Runners and riders gear up to tackle London Marathon for good causes

  • Runners and riders from across the country are preparing to tackle the London Marathon for equine charities and a range of other good causes.

    A world record 414,168 people applied for places in this year’s 26.2-mile challenge, on 28 April, with more than 40,000 expected to take part.

    World Horse Welfare has five runners raising funds in its name.

    Vet Anna Hammond from Bristol University veterinary school, who works at the charity’s Glenda Spooner farm, told H&H it will “mean a lot” to support it.

    “I’ve got to know how the charity works and operates and I think it’s a fabulous organisation – I’ve been very impressed with the way it run things, the ethos and the strict moral values it applies to everything it does. I think World Horse Welfare does a splendid job,” she said.

    Vet Anna Hammond. Credit Basil Hayes

    Phil Newton, who ran for the charity last year, said he is “thirsty for more” after raising £2047 in 2018.

    “I was a few minutes outside my target of a sub four-hour marathon last year and am determined to reach that goal this year.

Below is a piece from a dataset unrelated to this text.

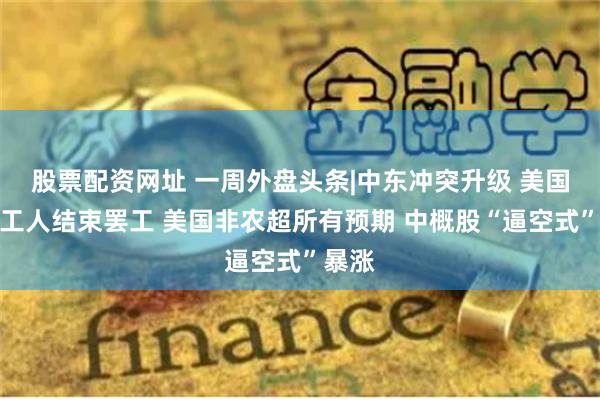 股票配资网址 一周外盘头条|中东冲突升级 美国码头工人结束罢工 美国非农超所有预期 中概股“逼空式”暴涨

My wife, Vicki, works in the international department of the charity and we have rehomed a World Horse Welfare horse, Rana, who is very much for of the family,” said Phil.

    Lottie Hing and Ruth Ellison are also running for the charity, along with World Horse Welfare design officer Matt Green.

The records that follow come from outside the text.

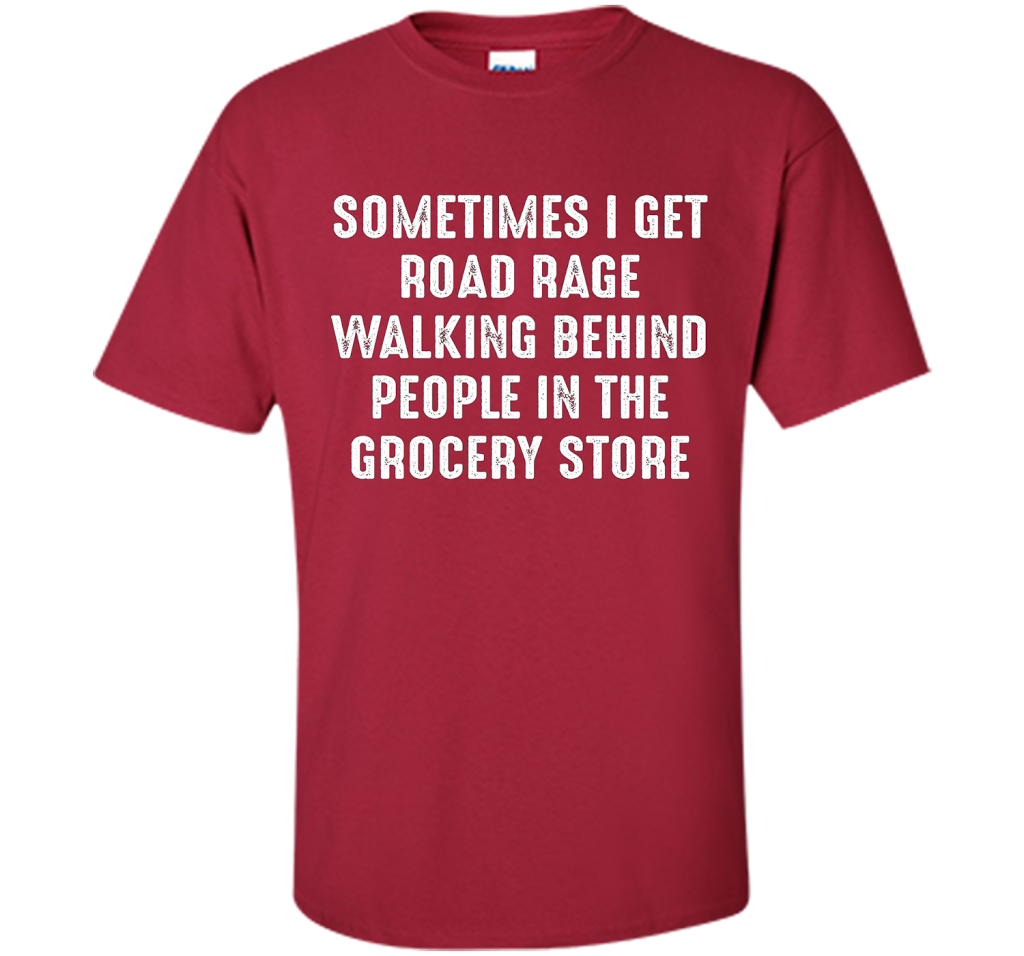 Road Rage Walking Behind People At The Grocery Store TShirt shirt Cardinal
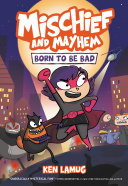 Read Pdf Mischief and Mayhem #1: Born to Be Bad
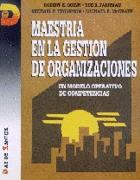 MAESTRIA EN LA GESTION DE ORGANIZACIONES, UN MODEL | 9788479781897 | QUINN, R. E.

    A team of seven are raising funds for the Donkey Sanctuary.

    Yvonne Moore, a 64-year-old “dedicated fundraiser” from Rochford missed out running for the sanctuary in 2018 and is “really excited” about taking part this year.

    Yvonne Moore

    Andrea Barrett, a “loyal” supporter, was introduced to the sanctuary when she was very young when her grandmother adopted a donkey called Winston.

    Shelley Hall and her partner Ashley Lloyd, Gavin Paye, Tanya Potiyenko and George Paraschou will also be part of the Donkey Sanctuary team.

    Raising funds for Hannah’s Willberry Wonder Pony is secondary school biology teacher and Pony Club coach Jenny Norman, who has been riding for more than 30 years.

    Jenny told H&H: “Last year a pupil in my form at school lost her fight with cancer at the age of 15. She suffered from a form of osteosarcoma, very similar to Hannah Francis. This led to me becoming involved with the charity and I have been raising money ever since by completing runs and sponsored rides.”

    Jenny will also raise funds for the Jess Grant Celebration charity, set up by Jenny’s students’ parents and Queen guitarist Brian May in Jess’s memory to support young people who are ill by funding music lessons.

    Jenny Norman

    Eleanor Martin and Rachel Hatcher are running for international equine charity Brooke.

    Eleanor’s “passion” for equine welfare took her to India in 2017 where she helped develop a retraining of racehorses programme.

    “I witnessed first-hand how different things are in the poorer countries and while these thoroughbreds were not subject to the conditions of those in Egypt or Jordan, the boys caring for them still had to learn about horse welfare, management and training methods,” said Eleanor.

    Eleanor Martin

    The Royal Veterinary College has a team of eight runners raising funds to support the college’s animal hospitals including the equine practice and referral hospital.

    Kyle McCreesh, Oliver Siddons, Sophie Tilyard, Eloise Nice, Paul Berrington, Leanne Smith, Kirsty Bendon and Hannah Lacey will run.

    Georgie Dickinson, who is behind the marketing and sponsorship for Bede events, including Osborne House and Osberton Horse Trials, is raising funds for baby charity Tommy’s.

    Georgie, who has evented to intermediate level, told H&H it’s been tough fitting in training alongside her work commitments.

    “Around the events I’ve been struggling to get the training in before and after work but because I’ve got the goal it’s kept me going. Everyone in the office have been incredibly supportive and really helped me along,” she said.

    Lucy Cocker, a human physiotherapist, is raising money for Life Charity who fund equipment for disabled and terminally ill children.

    Lucy, who events with her ex-racehorse General Samarski, told H&H: “I have brought him on from never jumping, up to BE novice level – he is not the easiest of horses but he has so much talent. I wanted to run the London marathon as a new challenge but I am really missing the start of the eventing season.”